▸ **PROBLEM**
The listing below holds a line with "Car Crashes in" and a line with "725 3rd Ave". Reproduce those two lines exactly, plus everything between them.

▸ **INFORMATION PROVIDED**
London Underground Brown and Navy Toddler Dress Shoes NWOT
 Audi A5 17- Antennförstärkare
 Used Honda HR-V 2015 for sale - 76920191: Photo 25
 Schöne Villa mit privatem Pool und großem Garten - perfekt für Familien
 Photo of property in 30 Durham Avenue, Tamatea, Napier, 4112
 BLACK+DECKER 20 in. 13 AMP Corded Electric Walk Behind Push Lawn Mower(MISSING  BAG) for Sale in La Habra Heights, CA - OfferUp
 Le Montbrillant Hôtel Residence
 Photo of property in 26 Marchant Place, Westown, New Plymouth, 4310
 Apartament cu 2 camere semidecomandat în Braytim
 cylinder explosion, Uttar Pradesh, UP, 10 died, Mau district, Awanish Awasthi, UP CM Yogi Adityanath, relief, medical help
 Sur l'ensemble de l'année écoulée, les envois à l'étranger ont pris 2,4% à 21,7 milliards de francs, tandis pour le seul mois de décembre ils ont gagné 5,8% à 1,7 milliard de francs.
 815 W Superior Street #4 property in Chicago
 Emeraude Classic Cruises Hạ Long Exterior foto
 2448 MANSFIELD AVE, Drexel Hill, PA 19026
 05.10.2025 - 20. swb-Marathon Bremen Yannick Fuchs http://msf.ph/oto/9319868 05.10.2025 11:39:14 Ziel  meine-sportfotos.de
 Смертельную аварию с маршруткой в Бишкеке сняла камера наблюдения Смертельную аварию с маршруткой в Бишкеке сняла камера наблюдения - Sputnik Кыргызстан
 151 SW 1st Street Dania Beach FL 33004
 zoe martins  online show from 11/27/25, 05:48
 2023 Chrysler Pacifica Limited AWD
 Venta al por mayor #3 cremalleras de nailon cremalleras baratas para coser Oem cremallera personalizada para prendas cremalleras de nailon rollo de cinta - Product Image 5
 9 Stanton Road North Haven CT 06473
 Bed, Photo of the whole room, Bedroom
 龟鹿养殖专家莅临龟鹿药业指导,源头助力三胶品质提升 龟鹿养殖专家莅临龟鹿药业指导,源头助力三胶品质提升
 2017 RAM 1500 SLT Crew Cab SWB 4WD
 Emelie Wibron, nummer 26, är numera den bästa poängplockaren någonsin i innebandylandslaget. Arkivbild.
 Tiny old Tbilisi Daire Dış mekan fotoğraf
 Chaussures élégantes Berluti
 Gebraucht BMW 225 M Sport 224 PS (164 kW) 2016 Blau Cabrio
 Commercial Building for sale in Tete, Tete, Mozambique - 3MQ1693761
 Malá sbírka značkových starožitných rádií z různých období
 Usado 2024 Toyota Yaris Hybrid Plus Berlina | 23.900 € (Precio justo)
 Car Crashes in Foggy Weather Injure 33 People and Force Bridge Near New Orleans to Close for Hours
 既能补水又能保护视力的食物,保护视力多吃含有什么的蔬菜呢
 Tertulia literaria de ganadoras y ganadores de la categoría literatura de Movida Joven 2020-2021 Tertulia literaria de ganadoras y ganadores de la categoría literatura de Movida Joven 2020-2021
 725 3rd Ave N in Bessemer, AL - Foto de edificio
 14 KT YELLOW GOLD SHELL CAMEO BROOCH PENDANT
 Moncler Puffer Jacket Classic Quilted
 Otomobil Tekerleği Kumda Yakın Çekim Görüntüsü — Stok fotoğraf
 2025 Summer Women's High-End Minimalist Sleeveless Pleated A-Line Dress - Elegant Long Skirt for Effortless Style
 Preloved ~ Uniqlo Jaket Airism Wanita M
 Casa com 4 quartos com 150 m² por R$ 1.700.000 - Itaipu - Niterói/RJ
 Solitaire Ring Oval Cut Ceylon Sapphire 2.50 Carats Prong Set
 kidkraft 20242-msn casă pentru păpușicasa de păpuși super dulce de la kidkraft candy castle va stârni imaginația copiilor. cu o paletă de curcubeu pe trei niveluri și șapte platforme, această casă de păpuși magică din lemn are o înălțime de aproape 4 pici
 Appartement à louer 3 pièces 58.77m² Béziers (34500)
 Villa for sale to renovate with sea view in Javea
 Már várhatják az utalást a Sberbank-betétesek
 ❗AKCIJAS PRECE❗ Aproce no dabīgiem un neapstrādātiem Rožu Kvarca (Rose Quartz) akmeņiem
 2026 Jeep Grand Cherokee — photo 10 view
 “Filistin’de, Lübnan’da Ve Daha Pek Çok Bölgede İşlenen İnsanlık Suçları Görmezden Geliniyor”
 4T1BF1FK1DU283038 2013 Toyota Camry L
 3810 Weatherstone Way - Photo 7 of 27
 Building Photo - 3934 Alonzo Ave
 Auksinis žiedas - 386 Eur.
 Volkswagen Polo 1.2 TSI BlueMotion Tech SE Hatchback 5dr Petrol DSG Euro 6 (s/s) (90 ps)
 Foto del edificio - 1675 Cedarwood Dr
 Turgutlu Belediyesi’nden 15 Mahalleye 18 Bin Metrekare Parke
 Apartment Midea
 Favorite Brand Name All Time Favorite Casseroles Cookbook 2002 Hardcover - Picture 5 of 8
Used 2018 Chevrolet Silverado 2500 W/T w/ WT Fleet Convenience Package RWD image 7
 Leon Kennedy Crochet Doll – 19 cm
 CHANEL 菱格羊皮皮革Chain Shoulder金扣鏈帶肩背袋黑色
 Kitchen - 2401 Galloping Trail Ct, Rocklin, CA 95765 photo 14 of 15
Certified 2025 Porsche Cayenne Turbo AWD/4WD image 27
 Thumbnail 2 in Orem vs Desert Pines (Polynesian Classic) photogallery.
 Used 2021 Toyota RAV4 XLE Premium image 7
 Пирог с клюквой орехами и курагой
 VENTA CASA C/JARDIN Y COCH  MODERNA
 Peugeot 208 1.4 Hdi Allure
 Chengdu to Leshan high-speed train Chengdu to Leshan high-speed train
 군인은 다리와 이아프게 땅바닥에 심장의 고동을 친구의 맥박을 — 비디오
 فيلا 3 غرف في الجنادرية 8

▸ **ANSWER**
 Car Crashes in Foggy Weather Injure 33 People and Force Bridge Near New Orleans to Close for Hours
 既能补水又能保护视力的食物,保护视力多吃含有什么的蔬菜呢
 Tertulia literaria de ganadoras y ganadores de la categoría literatura de Movida Joven 2020-2021 Tertulia literaria de ganadoras y ganadores de la categoría literatura de Movida Joven 2020-2021
 725 3rd Ave N in Bessemer, AL - Foto de edificio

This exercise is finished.